Data shown =>
== Segment start ==
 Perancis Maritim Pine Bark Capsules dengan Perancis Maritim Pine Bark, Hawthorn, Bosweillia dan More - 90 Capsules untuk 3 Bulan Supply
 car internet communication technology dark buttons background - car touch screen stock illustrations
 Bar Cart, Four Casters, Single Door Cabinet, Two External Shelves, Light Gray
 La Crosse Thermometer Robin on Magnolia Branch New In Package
== Segment end ==
== Segment start ==
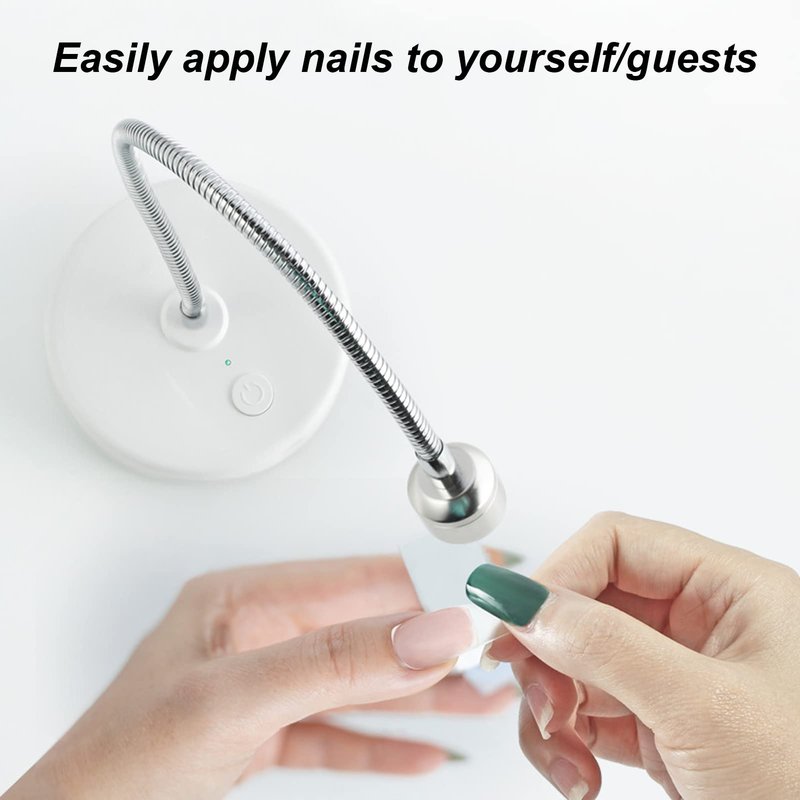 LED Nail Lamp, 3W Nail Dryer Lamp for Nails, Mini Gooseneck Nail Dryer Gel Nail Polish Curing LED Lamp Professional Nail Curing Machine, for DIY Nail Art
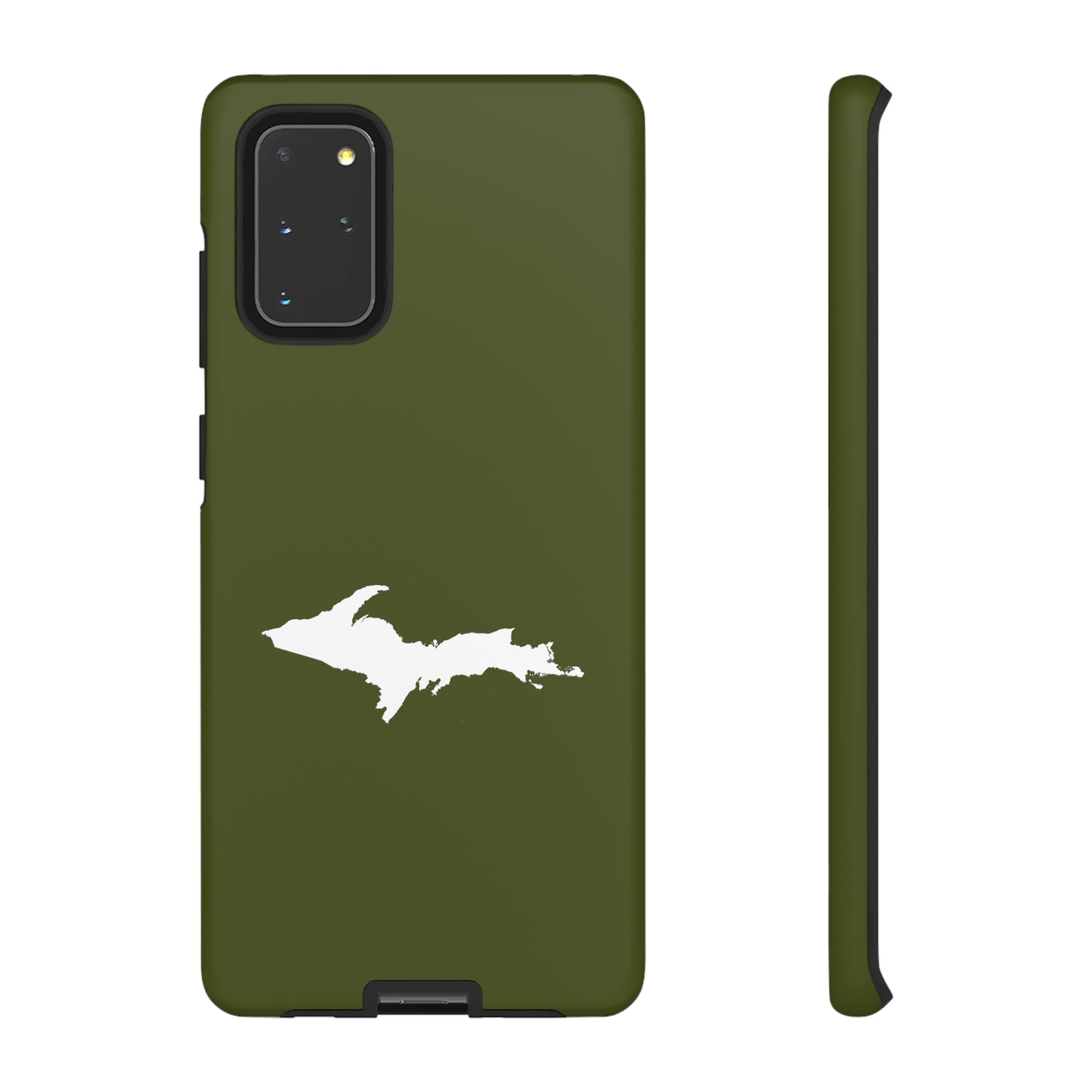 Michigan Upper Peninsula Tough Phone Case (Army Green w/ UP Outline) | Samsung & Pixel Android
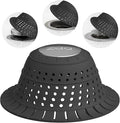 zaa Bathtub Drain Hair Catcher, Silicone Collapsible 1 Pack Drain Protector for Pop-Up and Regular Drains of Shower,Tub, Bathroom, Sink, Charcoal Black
== Segment end ==
== Segment start ==
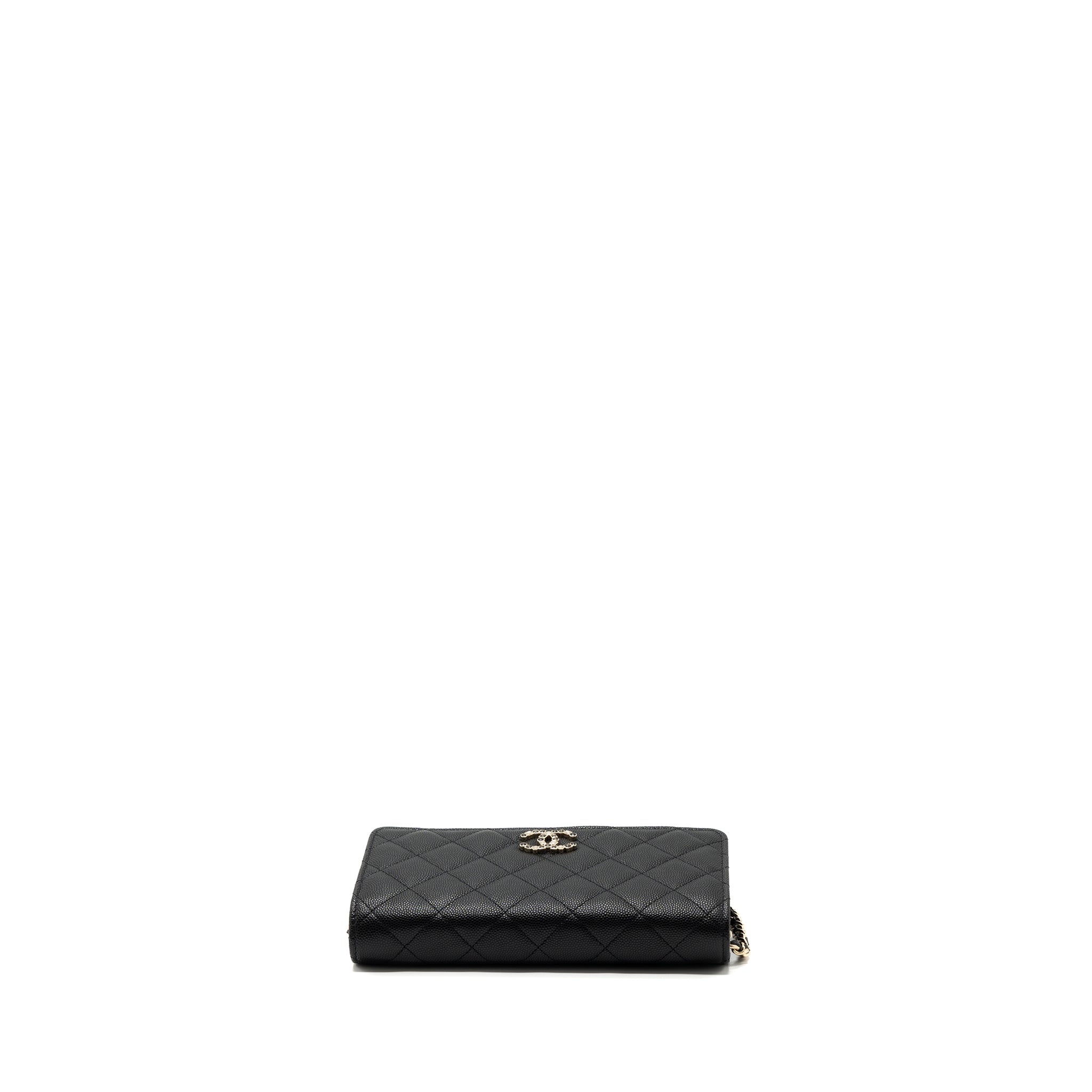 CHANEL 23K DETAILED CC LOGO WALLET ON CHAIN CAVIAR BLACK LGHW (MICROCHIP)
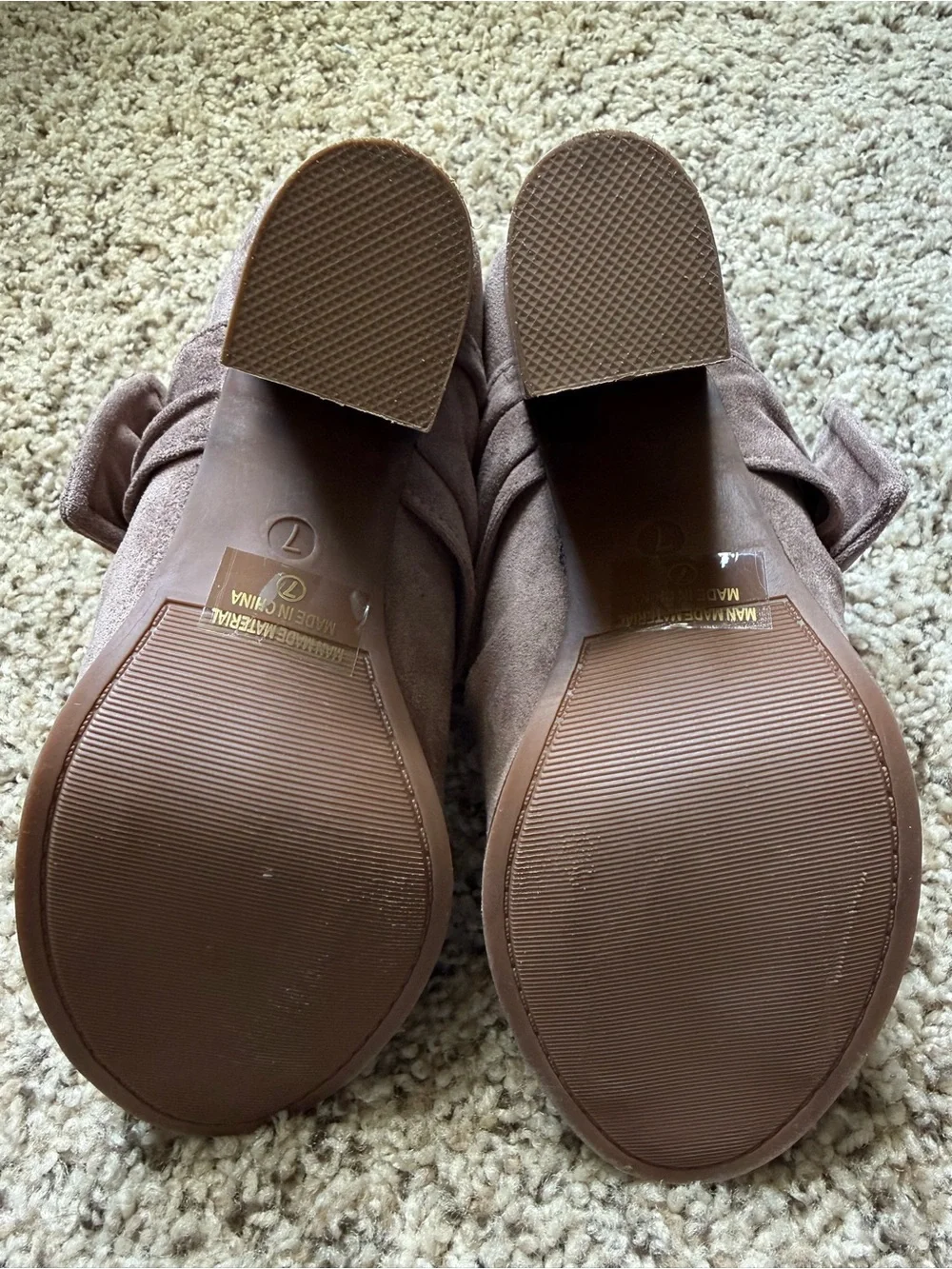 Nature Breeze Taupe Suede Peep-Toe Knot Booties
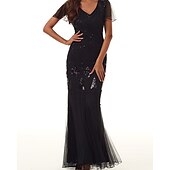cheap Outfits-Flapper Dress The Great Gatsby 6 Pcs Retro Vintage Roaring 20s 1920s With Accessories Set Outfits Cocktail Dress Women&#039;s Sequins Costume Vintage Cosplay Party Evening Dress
== Segment end ==
Work required =>
Your answer should consist of the lines from the line with "car internet communication" to the line with "La Crosse Thermometer" above, repeated exactly, both ends included.

Output =>
 car internet communication technology dark buttons background - car touch screen stock illustrations
 Bar Cart, Four Casters, Single Door Cabinet, Two External Shelves, Light Gray
 La Crosse Thermometer Robin on Magnolia Branch New In Package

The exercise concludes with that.